No doubt the reasons for the change and the extent to which it was, or wasn’t, flagged up to shareholders when they overwhelmingly approved the revised remuneration policy at the 2017 AGM will be looked at very carefully. However, this also gives a timely focus on clawback given the FRC’s current consultation on changes to the UK Corporate Governance Code (the “Code”), which we previously blogged about here.
The concept of “clawback”, and its close cousin “malus”, were introduced following the banking crisis of 2008 as part of the remuneration code which applies to banks. This requires banks to include clawback and malus provisions in their variable pay plans (i.e. both bonus and share plans) and sets out the minimum circumstances in which clawback and malus should apply. Clawback involves requiring an individual to repay amounts they have received while malus applies to variable pay that has been “earned” but not yet paid out, and enables a company to reduce or cancel it. It is worth noting that the banking remuneration code only includes corporate failure (described as “a material downturn in financial performance”) as a malus event and not a clawback event – so even if Carillion was a bank, it would not have been required to include corporate failure as a clawback trigger.

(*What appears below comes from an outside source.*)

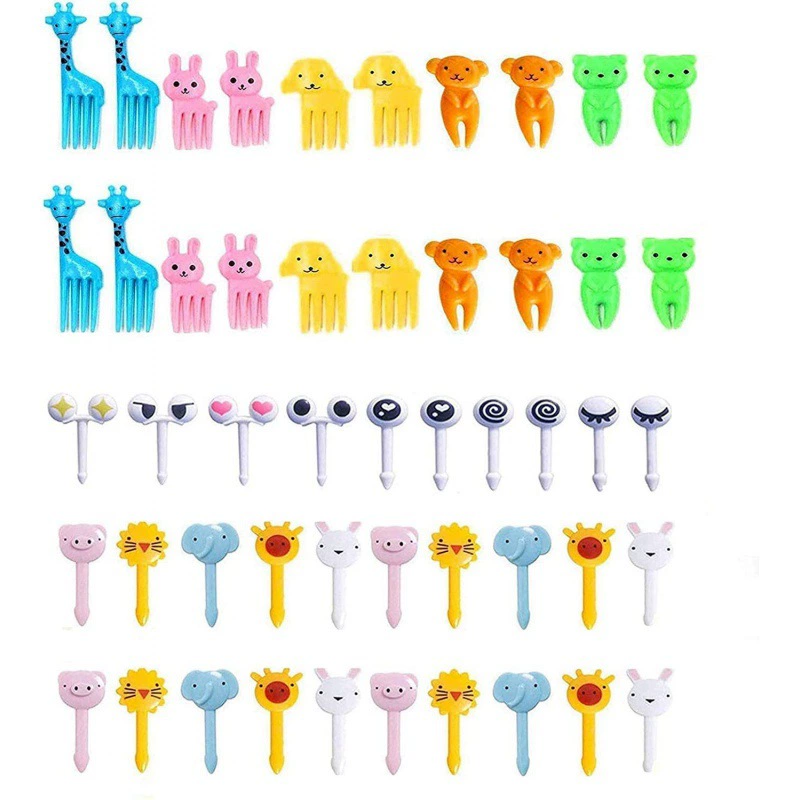 搜坷 Japanese cartoon creative children's fruit fork, cute plastic set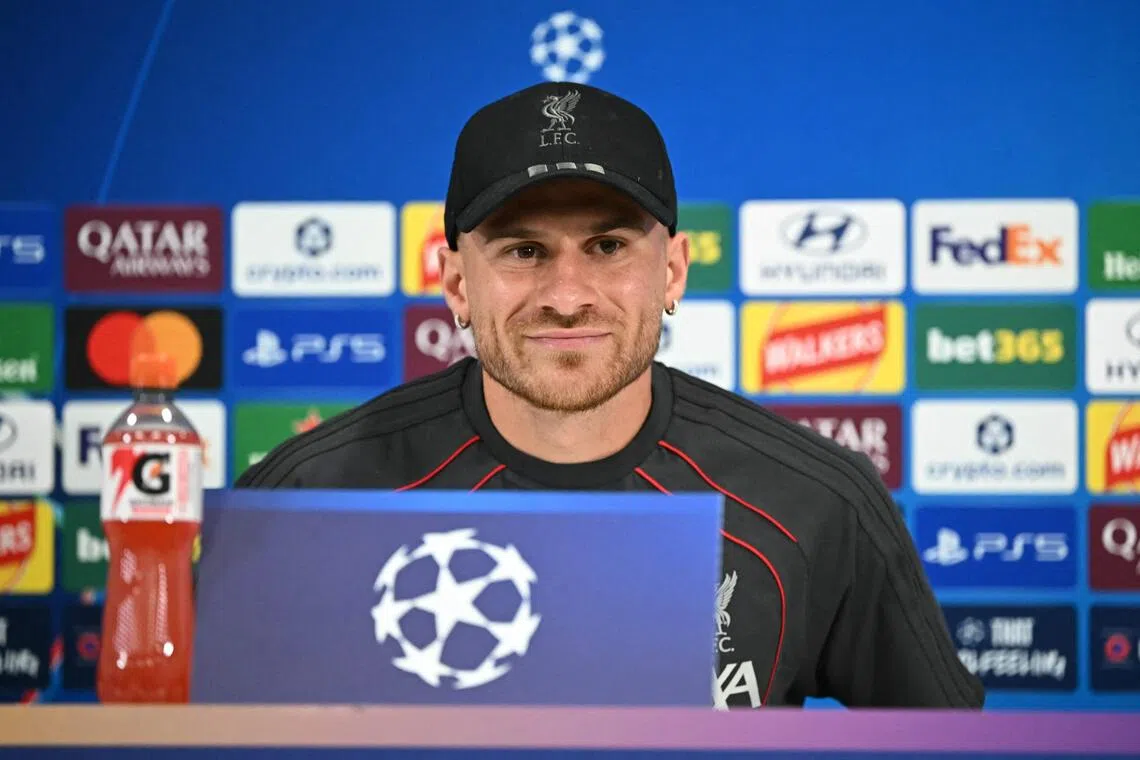 Liverpool’s Argentinian midfielder Alexis Mac Allister taking part in a press conference at Liverpool’s Anfield stadium on Sept 8.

The Code applies to all listed companies (and not just banks) and has included clawback and malus on variable pay since 2014. However, unlike the banking remuneration code, the Code does not specify minimum circumstances in which clawback and malus should apply. This position has been retained in the draft Codepublished as part of the FRC’s consultation. Instead, companies have discretion to decide which events should (and, as Carillion highlights, should not) trigger clawback and malus clauses.
Perhaps the collapse of Carillion suggests that this discretionary approach should be revisited? Should the Code specify minimum clawback and malus events, in the same way as the banking remuneration code? Perhaps the FRC will go further and adopt Carillion’s ill-fated “corporate failure” wording? This would set a bar below which executives were always at risk of clawback and/or malus, and may assist in giving both shareholders and the wider public confidence that remuneration plans will not “reward failure”. And while this would limit a company’s discretion, it is hard to see why shareholders or remuneration committees would want bonuses to potentially escape clawback and malus where a company fails so spectacularly.